▶ **Instructions for the task**
Among the records that follow, find each line holding the word "videos" and copy it.

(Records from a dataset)
* * * * * * *
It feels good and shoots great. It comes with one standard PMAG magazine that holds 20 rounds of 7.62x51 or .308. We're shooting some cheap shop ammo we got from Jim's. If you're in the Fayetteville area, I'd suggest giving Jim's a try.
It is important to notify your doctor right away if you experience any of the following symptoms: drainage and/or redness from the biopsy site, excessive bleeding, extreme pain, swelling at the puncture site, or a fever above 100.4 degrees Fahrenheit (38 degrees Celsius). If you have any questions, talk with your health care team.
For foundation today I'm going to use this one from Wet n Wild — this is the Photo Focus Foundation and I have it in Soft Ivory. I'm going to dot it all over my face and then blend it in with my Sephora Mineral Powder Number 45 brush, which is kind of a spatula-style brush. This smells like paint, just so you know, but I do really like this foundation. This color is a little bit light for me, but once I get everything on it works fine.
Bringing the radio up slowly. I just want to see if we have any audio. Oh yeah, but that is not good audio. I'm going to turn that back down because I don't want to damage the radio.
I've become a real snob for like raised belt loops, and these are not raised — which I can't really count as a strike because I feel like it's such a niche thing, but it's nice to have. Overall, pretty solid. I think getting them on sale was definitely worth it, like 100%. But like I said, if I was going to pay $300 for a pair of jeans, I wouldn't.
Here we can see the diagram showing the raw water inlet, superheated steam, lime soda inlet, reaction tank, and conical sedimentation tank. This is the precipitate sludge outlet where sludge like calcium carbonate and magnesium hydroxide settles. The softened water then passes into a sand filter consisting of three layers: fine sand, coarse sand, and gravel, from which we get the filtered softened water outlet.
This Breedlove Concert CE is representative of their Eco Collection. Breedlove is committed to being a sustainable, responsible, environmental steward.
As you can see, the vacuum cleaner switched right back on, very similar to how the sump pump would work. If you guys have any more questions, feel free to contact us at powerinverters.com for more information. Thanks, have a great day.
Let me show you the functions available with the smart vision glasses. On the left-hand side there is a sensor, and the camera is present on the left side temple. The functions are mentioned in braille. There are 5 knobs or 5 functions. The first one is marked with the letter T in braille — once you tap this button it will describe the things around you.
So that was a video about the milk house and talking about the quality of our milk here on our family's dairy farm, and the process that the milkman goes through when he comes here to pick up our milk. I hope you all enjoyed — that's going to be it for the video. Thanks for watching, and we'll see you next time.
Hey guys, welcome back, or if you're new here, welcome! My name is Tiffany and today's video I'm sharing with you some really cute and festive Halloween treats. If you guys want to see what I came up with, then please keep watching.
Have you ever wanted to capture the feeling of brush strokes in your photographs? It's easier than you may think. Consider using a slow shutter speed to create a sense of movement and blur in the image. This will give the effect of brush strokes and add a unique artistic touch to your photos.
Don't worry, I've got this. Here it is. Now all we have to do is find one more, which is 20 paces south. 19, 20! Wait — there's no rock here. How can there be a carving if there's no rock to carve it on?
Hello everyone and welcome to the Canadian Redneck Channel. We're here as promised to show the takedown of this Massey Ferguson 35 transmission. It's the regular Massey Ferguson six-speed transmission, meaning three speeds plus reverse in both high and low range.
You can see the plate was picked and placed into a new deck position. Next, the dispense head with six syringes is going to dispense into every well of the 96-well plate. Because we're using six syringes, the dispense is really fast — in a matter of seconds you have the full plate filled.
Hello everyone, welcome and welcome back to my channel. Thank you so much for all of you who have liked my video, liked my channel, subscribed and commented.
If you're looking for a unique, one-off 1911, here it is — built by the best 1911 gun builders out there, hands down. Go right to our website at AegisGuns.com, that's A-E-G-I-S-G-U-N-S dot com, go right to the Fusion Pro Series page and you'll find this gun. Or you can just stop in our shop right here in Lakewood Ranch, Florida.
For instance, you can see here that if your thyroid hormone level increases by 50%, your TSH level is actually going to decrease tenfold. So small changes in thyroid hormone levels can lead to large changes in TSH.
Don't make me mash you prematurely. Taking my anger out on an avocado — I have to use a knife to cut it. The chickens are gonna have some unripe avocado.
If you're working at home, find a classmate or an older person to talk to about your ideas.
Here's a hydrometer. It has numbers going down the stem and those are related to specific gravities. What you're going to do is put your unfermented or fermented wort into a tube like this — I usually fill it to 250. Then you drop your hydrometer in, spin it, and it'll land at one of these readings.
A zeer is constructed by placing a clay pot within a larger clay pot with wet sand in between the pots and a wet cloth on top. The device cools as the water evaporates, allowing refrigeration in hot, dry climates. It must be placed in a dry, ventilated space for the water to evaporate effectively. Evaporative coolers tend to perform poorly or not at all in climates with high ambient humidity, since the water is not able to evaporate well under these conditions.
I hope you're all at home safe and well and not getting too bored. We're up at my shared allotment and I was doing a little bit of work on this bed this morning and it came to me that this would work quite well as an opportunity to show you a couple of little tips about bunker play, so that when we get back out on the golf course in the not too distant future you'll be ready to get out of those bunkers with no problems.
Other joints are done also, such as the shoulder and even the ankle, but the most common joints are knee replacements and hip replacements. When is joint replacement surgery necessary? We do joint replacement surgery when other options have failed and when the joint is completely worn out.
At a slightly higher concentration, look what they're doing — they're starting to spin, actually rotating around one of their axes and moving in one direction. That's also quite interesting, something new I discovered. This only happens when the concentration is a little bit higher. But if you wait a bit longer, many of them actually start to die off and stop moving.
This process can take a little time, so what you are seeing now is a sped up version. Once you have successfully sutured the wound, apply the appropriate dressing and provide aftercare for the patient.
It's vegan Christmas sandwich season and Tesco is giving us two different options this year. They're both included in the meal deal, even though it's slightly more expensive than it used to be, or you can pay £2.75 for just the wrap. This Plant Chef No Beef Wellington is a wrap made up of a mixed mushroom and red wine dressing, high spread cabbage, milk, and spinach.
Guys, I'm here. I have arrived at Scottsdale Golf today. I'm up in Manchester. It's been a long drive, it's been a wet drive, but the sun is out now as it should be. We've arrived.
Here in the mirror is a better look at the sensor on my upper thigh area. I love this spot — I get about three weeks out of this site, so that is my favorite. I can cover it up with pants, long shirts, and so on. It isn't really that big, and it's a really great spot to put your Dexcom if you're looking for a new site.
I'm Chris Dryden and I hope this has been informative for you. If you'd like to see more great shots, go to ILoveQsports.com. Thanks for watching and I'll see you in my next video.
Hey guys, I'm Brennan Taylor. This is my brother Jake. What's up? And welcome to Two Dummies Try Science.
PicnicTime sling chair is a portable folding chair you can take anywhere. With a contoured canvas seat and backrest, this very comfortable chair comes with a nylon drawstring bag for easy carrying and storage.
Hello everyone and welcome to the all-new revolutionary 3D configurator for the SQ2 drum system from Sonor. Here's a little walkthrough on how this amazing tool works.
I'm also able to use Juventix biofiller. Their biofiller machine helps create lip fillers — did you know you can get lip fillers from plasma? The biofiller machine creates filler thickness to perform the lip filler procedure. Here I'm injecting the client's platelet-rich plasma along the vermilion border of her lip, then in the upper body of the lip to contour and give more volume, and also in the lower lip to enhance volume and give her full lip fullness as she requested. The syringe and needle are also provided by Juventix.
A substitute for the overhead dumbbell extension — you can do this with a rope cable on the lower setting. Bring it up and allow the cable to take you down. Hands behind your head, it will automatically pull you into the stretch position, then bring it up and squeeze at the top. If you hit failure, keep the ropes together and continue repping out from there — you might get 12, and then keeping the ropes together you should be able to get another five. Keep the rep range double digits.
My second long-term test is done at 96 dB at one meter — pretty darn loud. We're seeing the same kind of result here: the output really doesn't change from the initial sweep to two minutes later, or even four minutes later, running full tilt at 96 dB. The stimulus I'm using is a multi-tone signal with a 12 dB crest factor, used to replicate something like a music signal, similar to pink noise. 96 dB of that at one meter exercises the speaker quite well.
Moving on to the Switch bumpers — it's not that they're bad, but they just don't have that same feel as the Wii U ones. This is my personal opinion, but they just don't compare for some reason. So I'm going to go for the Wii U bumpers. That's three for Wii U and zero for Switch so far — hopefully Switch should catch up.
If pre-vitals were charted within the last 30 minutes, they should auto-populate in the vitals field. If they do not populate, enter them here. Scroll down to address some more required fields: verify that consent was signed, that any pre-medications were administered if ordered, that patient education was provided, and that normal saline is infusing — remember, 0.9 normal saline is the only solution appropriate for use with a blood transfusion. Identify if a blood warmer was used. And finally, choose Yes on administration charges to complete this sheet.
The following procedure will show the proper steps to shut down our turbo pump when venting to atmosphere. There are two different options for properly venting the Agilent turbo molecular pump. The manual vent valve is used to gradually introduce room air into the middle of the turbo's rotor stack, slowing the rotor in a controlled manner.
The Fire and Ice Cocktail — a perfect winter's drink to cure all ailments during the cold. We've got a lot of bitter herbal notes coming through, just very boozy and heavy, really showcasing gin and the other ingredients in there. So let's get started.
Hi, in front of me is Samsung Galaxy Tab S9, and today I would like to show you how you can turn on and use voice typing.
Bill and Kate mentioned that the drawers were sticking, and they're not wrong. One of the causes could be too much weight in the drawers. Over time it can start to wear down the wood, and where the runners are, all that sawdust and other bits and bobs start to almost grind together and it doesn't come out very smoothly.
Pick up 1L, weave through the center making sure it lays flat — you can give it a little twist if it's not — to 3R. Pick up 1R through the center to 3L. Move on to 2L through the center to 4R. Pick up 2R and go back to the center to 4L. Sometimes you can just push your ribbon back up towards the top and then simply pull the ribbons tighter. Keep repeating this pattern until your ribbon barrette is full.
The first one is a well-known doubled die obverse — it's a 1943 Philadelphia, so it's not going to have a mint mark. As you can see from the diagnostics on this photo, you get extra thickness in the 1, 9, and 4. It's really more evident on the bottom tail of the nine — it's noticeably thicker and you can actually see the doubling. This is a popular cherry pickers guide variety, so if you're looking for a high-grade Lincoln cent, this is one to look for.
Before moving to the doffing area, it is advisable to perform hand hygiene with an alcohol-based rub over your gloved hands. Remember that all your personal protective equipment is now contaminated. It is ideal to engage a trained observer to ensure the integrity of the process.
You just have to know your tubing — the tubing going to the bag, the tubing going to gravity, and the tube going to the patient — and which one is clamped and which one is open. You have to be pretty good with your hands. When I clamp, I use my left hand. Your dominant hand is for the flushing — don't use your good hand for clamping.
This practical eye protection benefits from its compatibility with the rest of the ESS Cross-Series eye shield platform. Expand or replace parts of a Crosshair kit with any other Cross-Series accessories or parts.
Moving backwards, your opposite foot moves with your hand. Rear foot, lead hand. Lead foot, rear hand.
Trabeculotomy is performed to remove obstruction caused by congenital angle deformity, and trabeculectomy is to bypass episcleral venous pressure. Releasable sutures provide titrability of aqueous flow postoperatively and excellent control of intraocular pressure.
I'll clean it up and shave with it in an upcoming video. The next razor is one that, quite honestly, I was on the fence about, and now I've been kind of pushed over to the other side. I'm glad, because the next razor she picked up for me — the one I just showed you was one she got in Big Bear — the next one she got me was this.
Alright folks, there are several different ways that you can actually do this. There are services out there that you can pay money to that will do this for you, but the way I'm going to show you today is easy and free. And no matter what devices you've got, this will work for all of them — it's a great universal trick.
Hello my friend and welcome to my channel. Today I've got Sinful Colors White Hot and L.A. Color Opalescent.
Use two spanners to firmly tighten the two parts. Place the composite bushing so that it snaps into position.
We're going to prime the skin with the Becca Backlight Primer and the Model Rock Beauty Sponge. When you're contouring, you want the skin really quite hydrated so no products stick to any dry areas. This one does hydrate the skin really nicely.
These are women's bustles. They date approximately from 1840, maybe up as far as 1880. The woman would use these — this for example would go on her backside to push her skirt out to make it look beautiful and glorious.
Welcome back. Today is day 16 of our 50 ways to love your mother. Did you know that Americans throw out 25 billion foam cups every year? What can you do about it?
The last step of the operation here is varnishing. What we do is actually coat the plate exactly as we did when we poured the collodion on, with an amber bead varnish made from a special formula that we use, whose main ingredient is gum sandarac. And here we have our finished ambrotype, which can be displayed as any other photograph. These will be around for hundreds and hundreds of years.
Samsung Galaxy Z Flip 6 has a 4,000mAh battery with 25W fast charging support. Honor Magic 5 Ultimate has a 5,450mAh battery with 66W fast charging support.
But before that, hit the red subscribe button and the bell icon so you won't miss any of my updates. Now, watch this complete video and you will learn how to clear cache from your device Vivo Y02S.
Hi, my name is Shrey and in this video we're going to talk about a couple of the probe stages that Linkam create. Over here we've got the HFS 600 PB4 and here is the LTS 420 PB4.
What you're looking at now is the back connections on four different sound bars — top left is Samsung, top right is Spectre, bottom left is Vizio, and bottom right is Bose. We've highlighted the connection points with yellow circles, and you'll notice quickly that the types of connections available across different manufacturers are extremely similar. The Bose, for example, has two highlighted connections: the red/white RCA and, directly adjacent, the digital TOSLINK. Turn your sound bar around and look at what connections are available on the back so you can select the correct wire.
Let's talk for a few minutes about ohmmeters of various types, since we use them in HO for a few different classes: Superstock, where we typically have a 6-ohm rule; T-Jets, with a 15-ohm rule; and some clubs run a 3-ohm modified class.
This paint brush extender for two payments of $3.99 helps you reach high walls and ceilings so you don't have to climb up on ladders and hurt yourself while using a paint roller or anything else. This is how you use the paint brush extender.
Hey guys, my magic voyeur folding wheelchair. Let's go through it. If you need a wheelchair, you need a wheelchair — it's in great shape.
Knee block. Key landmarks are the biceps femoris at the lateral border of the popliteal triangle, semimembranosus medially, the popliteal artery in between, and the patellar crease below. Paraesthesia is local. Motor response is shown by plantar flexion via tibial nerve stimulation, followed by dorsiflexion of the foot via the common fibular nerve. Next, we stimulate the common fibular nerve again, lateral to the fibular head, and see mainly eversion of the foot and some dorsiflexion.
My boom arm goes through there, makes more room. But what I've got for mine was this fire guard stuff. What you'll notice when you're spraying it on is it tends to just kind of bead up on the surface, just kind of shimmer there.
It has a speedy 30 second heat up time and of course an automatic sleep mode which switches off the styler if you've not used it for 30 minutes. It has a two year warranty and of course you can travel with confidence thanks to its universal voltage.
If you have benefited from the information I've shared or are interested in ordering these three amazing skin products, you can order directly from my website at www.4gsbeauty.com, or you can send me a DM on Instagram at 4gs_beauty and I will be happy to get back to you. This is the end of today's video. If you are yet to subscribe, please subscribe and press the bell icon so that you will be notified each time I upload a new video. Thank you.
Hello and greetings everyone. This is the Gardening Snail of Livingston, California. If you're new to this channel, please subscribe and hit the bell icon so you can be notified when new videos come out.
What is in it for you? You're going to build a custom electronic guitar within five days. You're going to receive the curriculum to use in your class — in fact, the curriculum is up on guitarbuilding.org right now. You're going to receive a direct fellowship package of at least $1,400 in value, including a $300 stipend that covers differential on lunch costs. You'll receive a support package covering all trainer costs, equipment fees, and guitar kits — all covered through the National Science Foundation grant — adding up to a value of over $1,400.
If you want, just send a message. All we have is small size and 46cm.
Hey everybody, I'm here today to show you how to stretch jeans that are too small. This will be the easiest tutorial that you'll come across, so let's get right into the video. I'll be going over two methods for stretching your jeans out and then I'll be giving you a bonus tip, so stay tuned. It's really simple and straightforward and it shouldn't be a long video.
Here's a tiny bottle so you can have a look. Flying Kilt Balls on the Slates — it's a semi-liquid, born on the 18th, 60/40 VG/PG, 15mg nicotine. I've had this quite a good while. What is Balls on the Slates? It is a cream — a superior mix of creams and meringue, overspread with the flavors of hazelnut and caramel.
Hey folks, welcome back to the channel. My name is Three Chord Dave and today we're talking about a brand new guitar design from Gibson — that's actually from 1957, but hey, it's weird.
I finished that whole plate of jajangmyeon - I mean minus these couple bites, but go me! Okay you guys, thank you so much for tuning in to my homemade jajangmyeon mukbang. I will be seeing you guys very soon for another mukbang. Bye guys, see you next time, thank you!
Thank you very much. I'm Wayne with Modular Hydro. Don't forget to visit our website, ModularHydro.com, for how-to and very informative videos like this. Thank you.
* * * * * * *
▶ **Reply**
Hello and greetings everyone. This is the Gardening Snail of Livingston, California. If you're new to this channel, please subscribe and hit the bell icon so you can be notified when new videos come out.
Thank you very much. I'm Wayne with Modular Hydro. Don't forget to visit our website, ModularHydro.com, for how-to and very informative videos like this. Thank you.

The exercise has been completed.